Mullets, tattoos, piercings: how much can bosses dictate workplace appearance?
As physical markers like tattoos and piercings become increasingly common, employees find themselves at odds between self-expression and representing a workplace professionally. After all, they are often considered the ‘face’ of the business.
But does this necessarily mean employers get a say in how employees present themselves? Can an employer tell you to remove your tattoos, shave your beard, or get rid of your mullet?
When a frustrated employee recently asked this question on Reddit, the post received dozens of responses from Australians with similar experiences.
“Dude I worked with back in the day was told off for wearing shorts on a hot day in a hot store. So he started to wear a skirt,” shared one user.

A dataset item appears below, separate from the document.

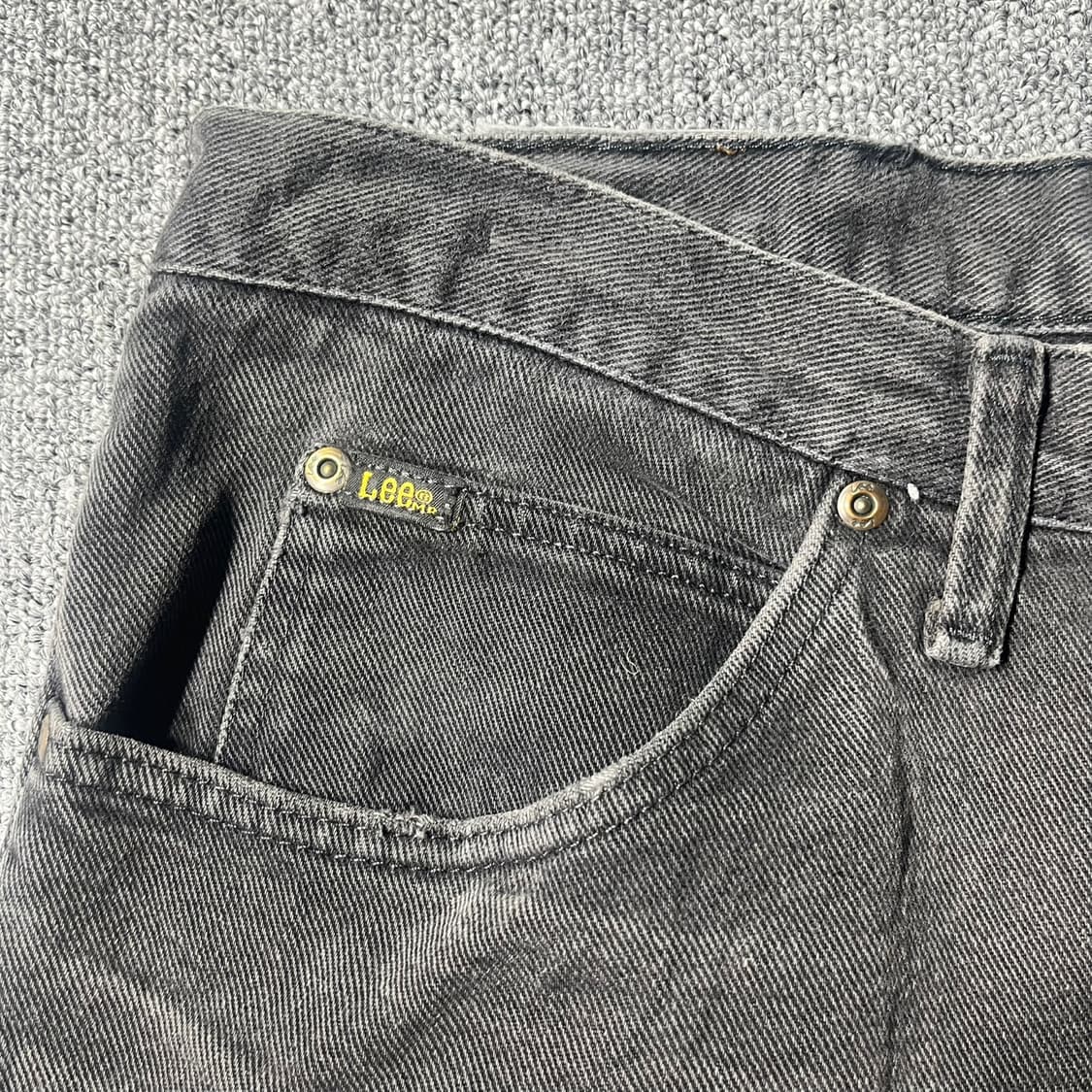 Lee 블랙 데님(33/old-7663) 상품이미지4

“Yeah, I had a ‘boss’ like this once… Would come in almost daily and point out stuff like shoes not (being) company policy, highlight any slight mistake aloud in front of the entire office like a kindergarten teacher,” lamented another user.

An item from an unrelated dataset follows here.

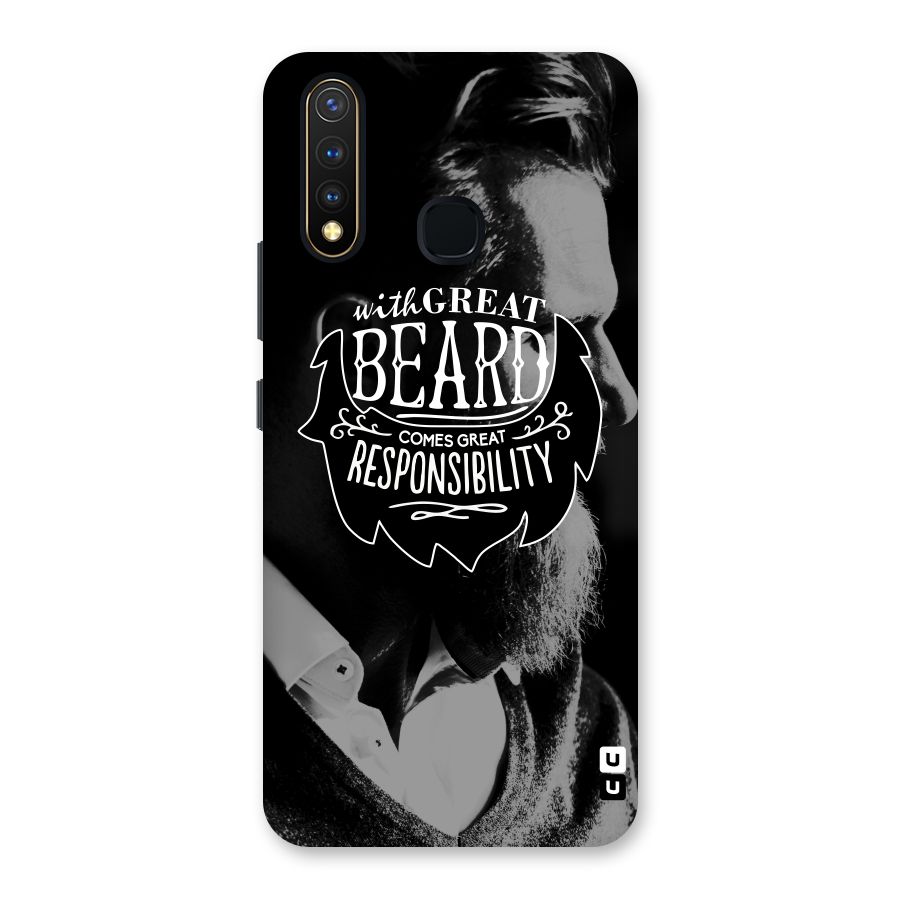 Beard Responsibility Quote Back Case for Vivo U20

Employers are within their rights to outline a clear dress code or workplace appearance policy to a certain extent. This dress code can extend beyond clothing and uniform to tattoos, hairstyles, facial hair, and piercings, especially for work health and safety, hygiene, or branding reasons. In some industries, such as carpentry or electric work, employers could be deemed negligent for not enforcing a dress code.
While it can differ between organisations and industries, many employers believe a neat and professional appearance reflects a company’s reputation. Many link this to greater client confidence and improved business interactions.
The problem arises when employees feel singled out because of their personal characteristics. According to the Fair Work Act 2009, it is unlawful to discriminate against any employee based on race, gender, colour, marital status, religion, and other areas. Dress codes are expected to be implemented within reason in a way that does not disadvantage certain employees.
“This can be a complicated, controversial issue for many workplaces,” said Professor Greg Bamber of Monash Business School.*
“Key points/ considerations for bosses to keep in mind when approaching such issues is that any ‘rule’ or requests should be reasonable and fair.”
Professor Bamber highlights two important questions for bosses to consider: what is the type of role? Does the tattoo, beard, or piercing impact the ability of the person to do their job?
“As an example: when an excellent Monash University graduate ‘Fred’ was working for a major Australian bank, his boss told him that he had to shave off his beard or else he would be disciplined and could be dismissed. Fred politely said that this was discrimination and not a reasonable request, that having a neat beard did not interfere with his work as a banker.
“Nonetheless, the boss persisted with his criticism, which caused Fred stress, so he asked his union representative to assist. The union representative ‘Mary’ showed the boss a picture of the bank’s’ founders in the nineteenth century. These men all had beards, which had not interfered with them founding such a successful bank!” said Professor Bamber.
Non-compliance with dress codes despite reasonable direction from an employer can eventually lead to termination of employment. But, as with all disciplinary proceedings, bosses must account for cultural and religious factors. Physical appearance in specific is not covered in the Fair Work Act (except for Victoria due to the Equal Opportunity Act 2010), but instances like Maori facial tattoos or beards for religious reasons must be considered.
These anti-discrimination rules extend to all employees, including full-time, part-time, casual employees, contractors, probationary employees, apprentices, and trainees.
What can employers do?
The best practice is to clearly outline an acceptable dress and appearance policy in a handbook available to all employees. It should also be made clear to employees during the recruitment process. The policy should apply equally across all genders in a non-discriminatory manner.
*Greg Bamber is a Professor, Monash Business School, Monash University and co-editor of International & Comparative Employment Relations: Global Crises & Institutional Responses.
This article does not constitute legal or financial advice. For questions and inquiries, we strongly recommend you seek advice from your lawyer or employment law service provider.